Atualmente, esclareceu Tenório, os navios chilenos são compostos 100% por oficiais e tripulantes chilenos, com algumas exceções que a lei permite. Por este projeto, seriam necessários apenas dois oficiais chilenos: o capitão e os primeiros oficiais. “Hoje, a tripulação média pode ser de 18 pessoas por navio, dependendo da rota, tipo de navio e frequência da viagem. Existem aproximadamente 430 navios maiores. Portanto, com este projeto de lei, apenas 860 empregos são garantidos para capitão e primeiro oficial. O equipamento e a tripulação seriam estrangeiros, pelo custo da mão de obra”, advertiu.

O dirigente da Aliança Marítima recordou que “não é a primeira vez que Piñera tenta abrir a cabotagem marítima a embarcações estrangeiras, situação que levaria inevitavelmente ao desaparecimento da frota mercante chilena, pondo fim à sua transcendência na nossa economia, afetando de forma direta e avassaladora as empresas e trabalhadores nacionais”. Outro ponto, apontou, é que se modificaria a Lei de Navegação no seu artigo 14, “a fim de privilegiar o embarque de marítimos estrangeiros em navios de bandeira nacional, situação que também rejeitamos categoricamente”.

Alejandro Tenório contestou a campanha governamental, reverberada pelos grandes monopólios de mídia, de que o PL traria benefícios para o país. “É inverossímil a intenção de insistir pela terceira vez com um projeto que não conta com o apoio das organizações, sindicatos, nem de empresários do setor naval, e isso se agrava em um cenário de crise pandêmica em que todos os esforços devem contribuir para gerar espaços de recuperação econômica e geração de empregos, em vez de apresentar projetos que atentam e violam a tranquilidade necessária que a nação requer”, assinalou.

A aprovação do PL de Piñera, contestou a Aliança, “implicaria que um massivo grupo de oficiais, tripulantes, trabalhadores portuários, agentes de aduana, caminhoneiros e pessoal administrativo das empresas relacionadas à indústria ficaria desempregado e obrigado a migrar para outras atividades e em alguns casos até para outros países”. Na prática, alerta a entidade, isso se traduziria numa “inevitável perda de qualificação profissional, recursos que seriam muito caros, difíceis e demorados de recuperar”.

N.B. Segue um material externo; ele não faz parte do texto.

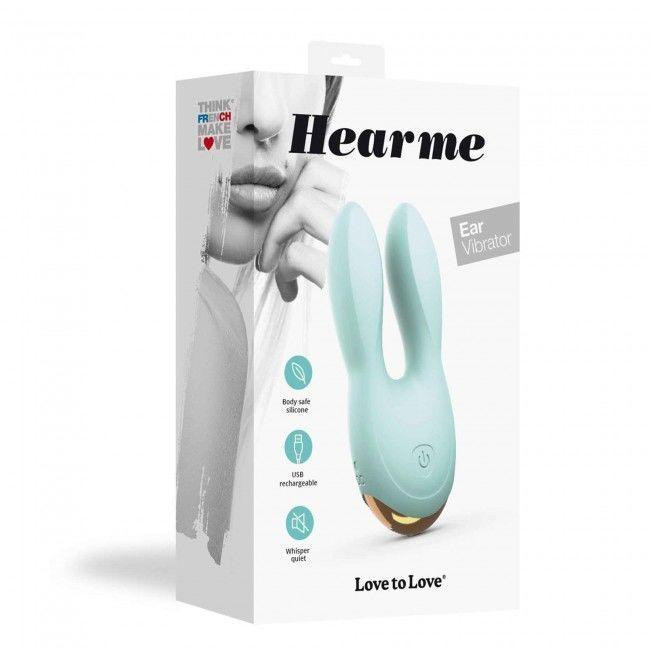 Вибратор-кролик Love To Love Hear Me Menthe с двумя моторчиками и разноцветной LED-подсветкой Sex Aura Киев - изображение 4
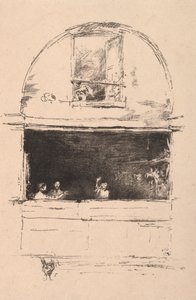 Smedjen, Passage du Dragon, 1894. af James Abbott McNeill Whistler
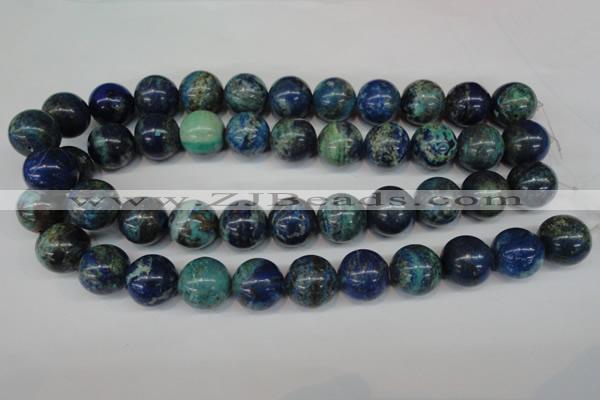 CCS81 15.5 inches 18mm round dyed chrysocolla gemstone beads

Contundente na sua análise, a Federação Internacional dos Trabalhadores do Transporte (ITF) enfatizou que “a única forma de que os navios chilenos poderiam competir seria abandonando a bandeira chilena e substituindo-a por uma de melhor conveniência”, com o que se perderiam os impostos pagos pelas empresas de cabotagem e, em consequência, a arrecadação fiscal. “Também seriam dilapidados 3.720 postos de trabalho de oficiais ativos e outro número maior de tripulantes, deixando anos de luta sindical e décadas de Contratos Coletivos de Trabalho no que os trabalhadores temos avançado para manter um equilíbrio saudável na sociedade, sob a proteção de nossa legislação nacional. Se perde também o emprego indireto que dá trabalho a mais de 20.000 pessoas na indústria marítima e o know how dos 203 anos de experiência da nossa Marinha, não só ao considerar o pessoal embarcado, mas também profissionais da área marítima que trabalham em companhias marítimas, institutos de formação e outros”, concluiu.